Once the data has been read, restate all of it exactly.
(Collected material)
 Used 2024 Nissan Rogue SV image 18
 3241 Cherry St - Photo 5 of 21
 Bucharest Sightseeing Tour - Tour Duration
(End Collected material)
# [Response area]
 Used 2024 Nissan Rogue SV image 18
 3241 Cherry St - Photo 5 of 21
 Bucharest Sightseeing Tour - Tour Duration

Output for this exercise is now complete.